The formula I am working with right now is

u8* a;
u8* b;
u8* result;
size_t count;
u16 total;
u16 progress;

u32 invertedProgress = total - progress;
for(size_t i = 0; i < count; i++){
    result[i] = (u8)((b[i] * progress + a[i] * invertedProgress) / total);
}

I am thinking it would look something like:

u8* a;
u8* b;
u8* result;
size_t count;
u16 total;
u16 progress;

__m128i mmxZero;
__m128i mmxProgress;
__m128i mmxInvertedProgress;
__m128i mmxProductA;
__m128i mmxProductB;

mmxZero = _mm_xor_ps(zero, zero); // Is there a clear?

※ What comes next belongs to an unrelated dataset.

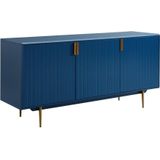 Dressoir - 3 deuren - MDF en metaal - Kleur: blauw en goud - LIKANA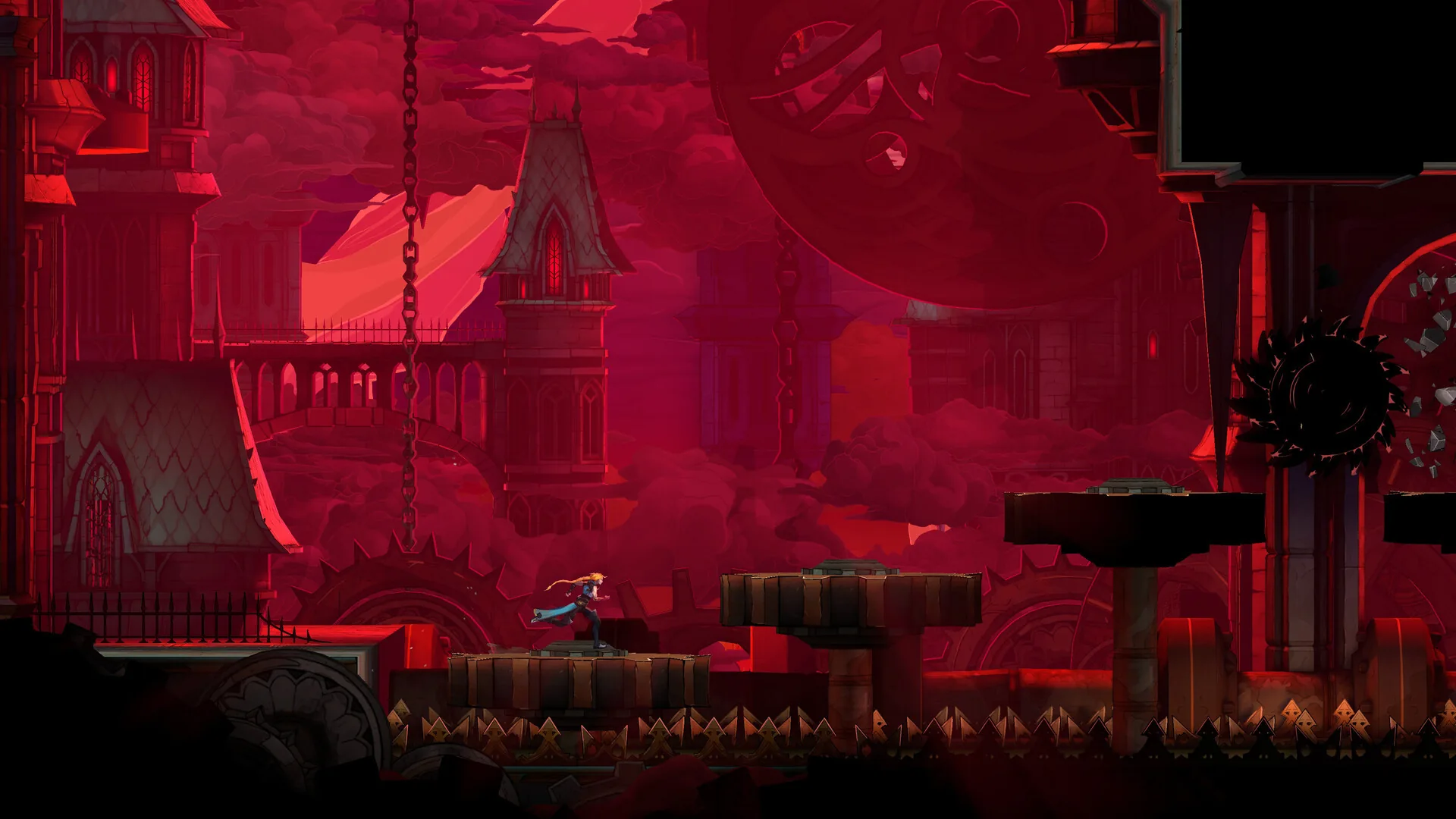 Castlevania Belmont's Curse : Rose Belmont court sur des engrenages géants sous un ciel rouge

mmxProgress = Fill with progress;

mmxTotal = Fill with total;

mmxInvertedProgress = mmxTotal;
mmxInvertedProgress = _mm_unpacklo_epi8(mmxInvertedProgres, mmxZero);
mmxInvertedProgress = _mm_sub_epi8(mmxTotal, progress);

for(size_t i = 0; i < count; i += 8){
    mmxProductA = load A;
    // u8 -> u16
    mmxProductA = _mm_unpacklo_epi8(mmxProductA, mmxZero);
    
    mmxProductB = load B;
    // u8 -> u16
    mmxProductB = _mm_unpacklo_epi8(mmxProductB, mmxZero);

    // a * (total - progress)
    mmxProductA = _mm_mullo_epi16(mmxProductA, mmxInvertedProgress);
    // b * progress
    mmxProductB = _mm_mullo_epi16(mmxProductB, mmxProgress);

    // a * (total - progress) + b * progress
    mmxProductA = _mm_add_epi16(mmxProductA, mmxProductB);
    // (a * (total - progress) + b * progress) / total
    mmxProductA = _mm_div_epi16(mmxProductA, mmxTotal);

    mmxProductA = saturated u16 -> u8; 
    store result = maxProductA;
}

There are a couple of things here that I just could not seem to find digging around in the guide, mostly related to loading and storing values.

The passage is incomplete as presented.